Directions: From the line containing "Pull bébé GÉMO" through the last line below, copy every line exactly, leaving out the pictures.

Dataset records:
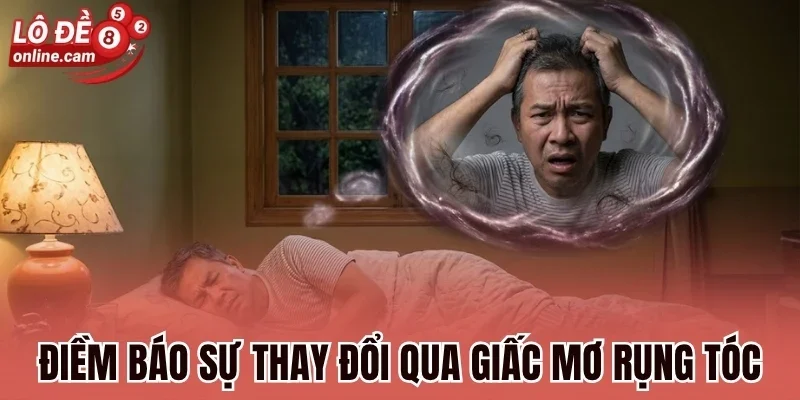 Mơ Bị Rụng Tóc Đánh Con Gì? Hé Lộ Điềm Hung Cát Cần Biết 2 Điềm báo sự thay đổi qua giấc mơ rụng tóc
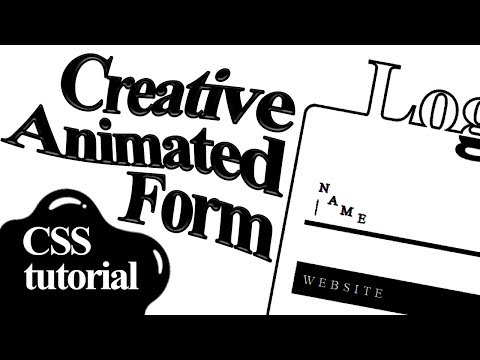 CSS Login Form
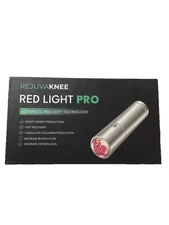 NEW Rejuvaknee Red Light Pro Advanced Light Therapy Vibration Heating P1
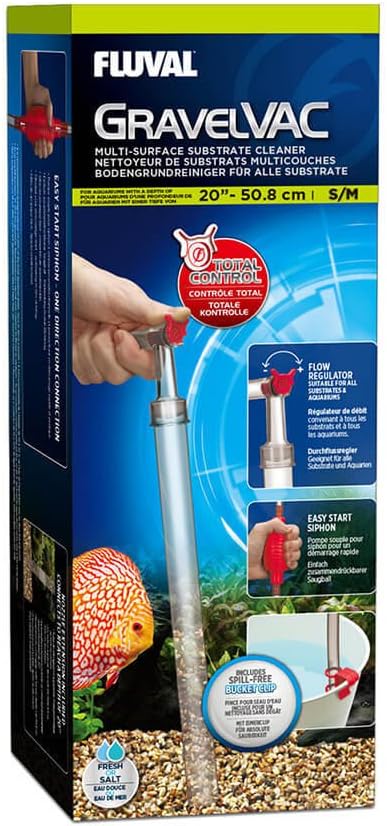 Fluval Medium/Large Gravel Vacuum Cleaner 11081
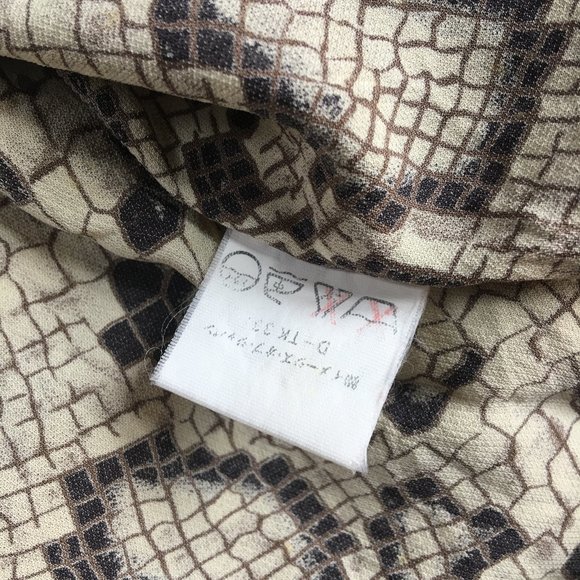 EQUIPMENT Snake Print SILK Button Down Blouse S - Picture 5 of 7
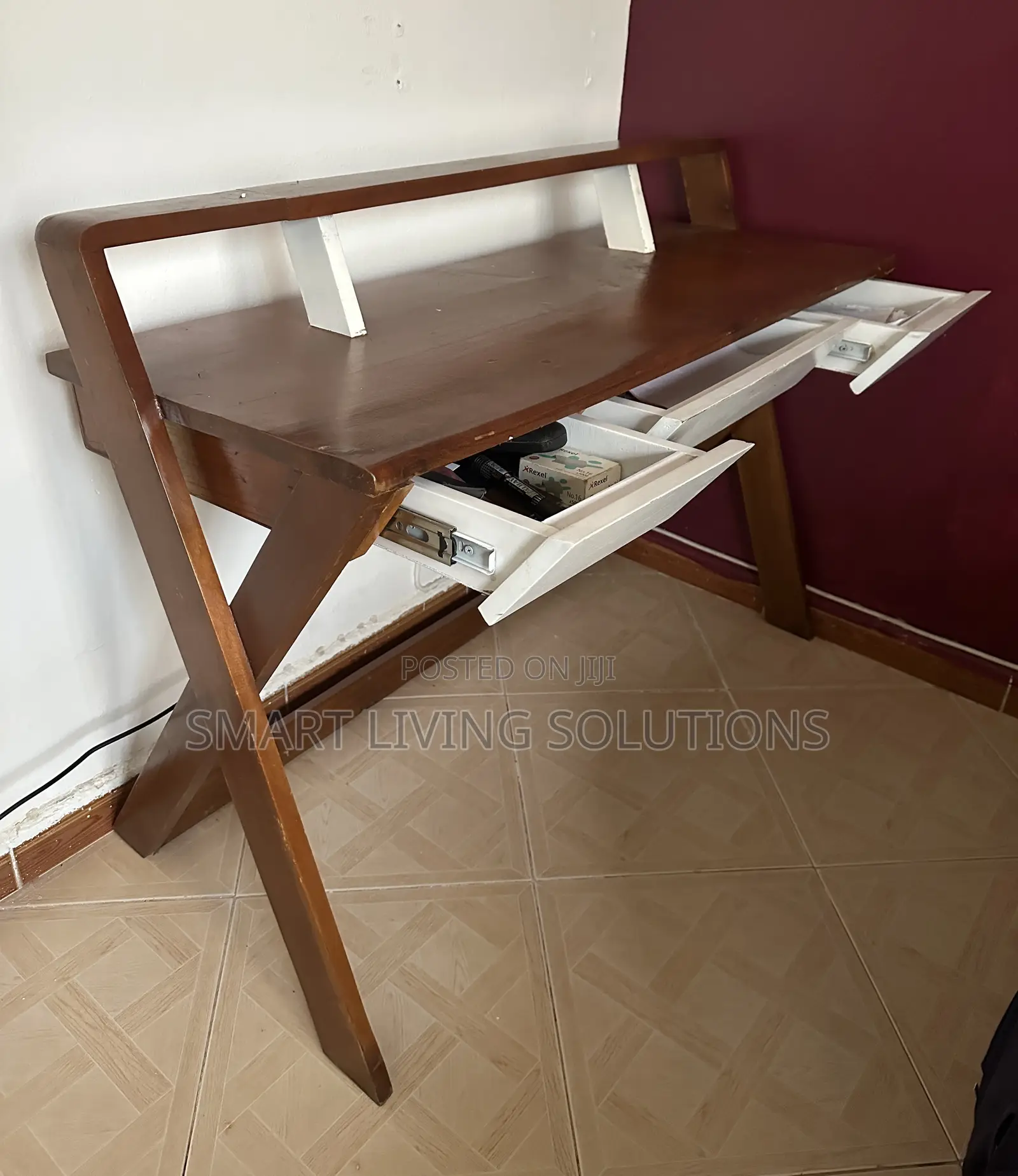 Vintage Study Desk Office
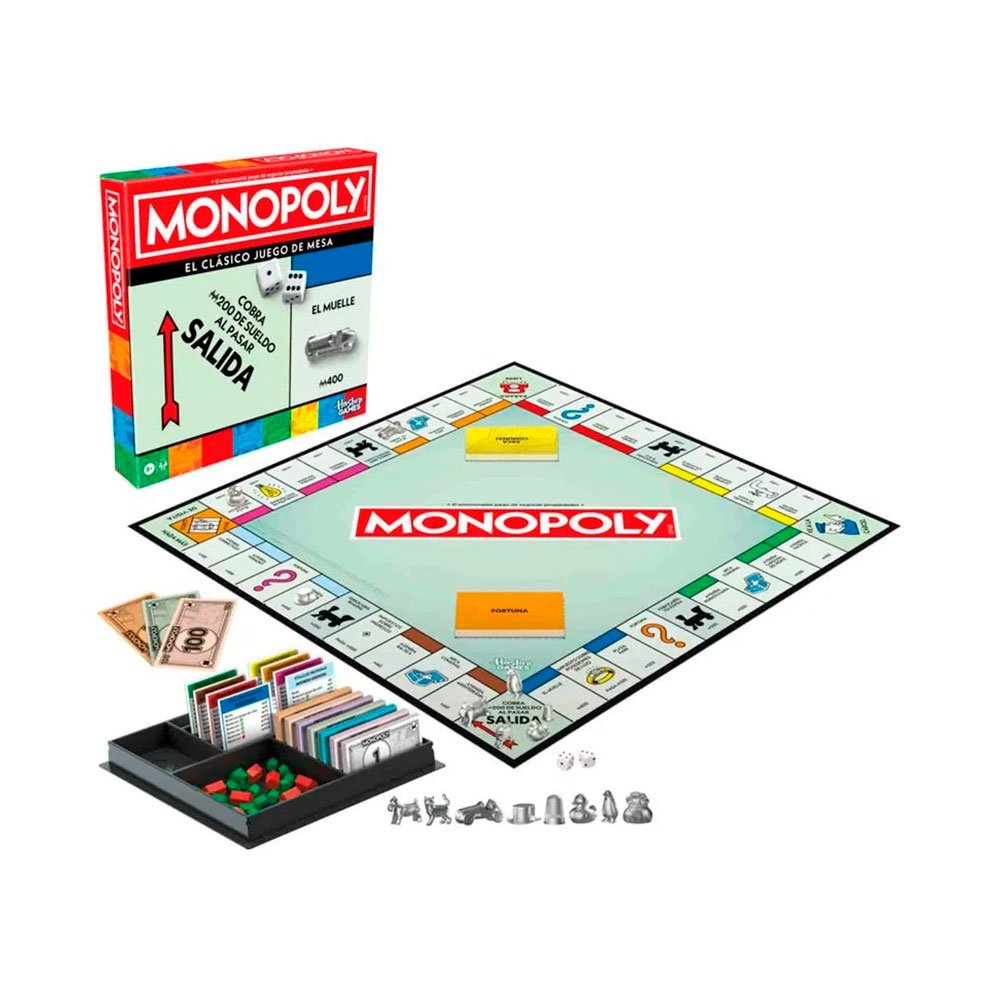 Monopoly Classic Refresh – Edición Clásica Renovada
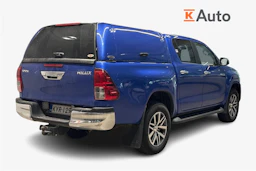 sininen Toyota Hilux 2018 kuva 2.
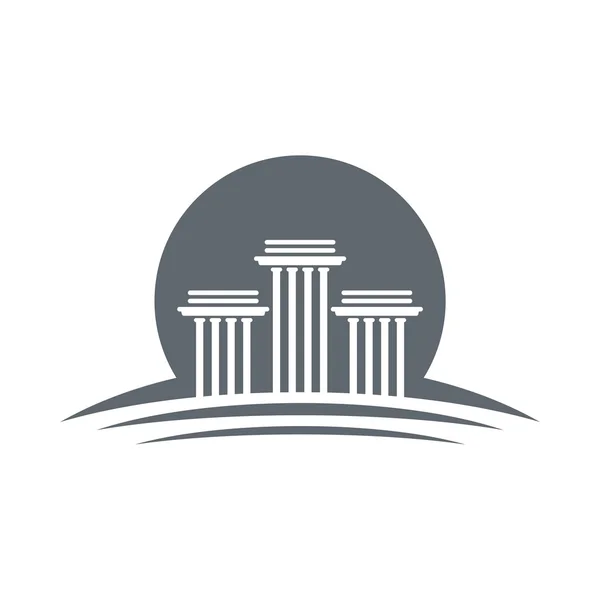 Hukuk Mahkemesi banka ev sembolü adalet Finans simgesi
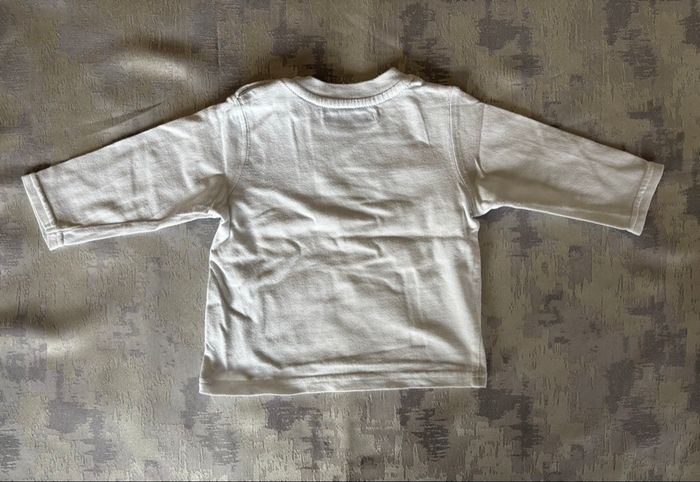 Pull bébé GÉMO – 6 mois – Blanc - photo numéro 2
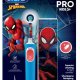 Oral-B Vitality Pro Kids Spiderman Bambino Spazzolino rotante-oscillante Blu, Rosso 2
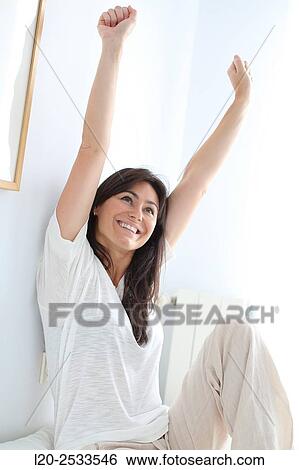 Portrait of woman View Large Photo Image Stock Photograph - Portrait of woman. Fotosearch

Exercise answer:
 Pull bébé GÉMO – 6 mois – Blanc - photo numéro 2
 Oral-B Vitality Pro Kids Spiderman Bambino Spazzolino rotante-oscillante Blu, Rosso 2
 Portrait of woman View Large Photo Image Stock Photograph - Portrait of woman. Fotosearch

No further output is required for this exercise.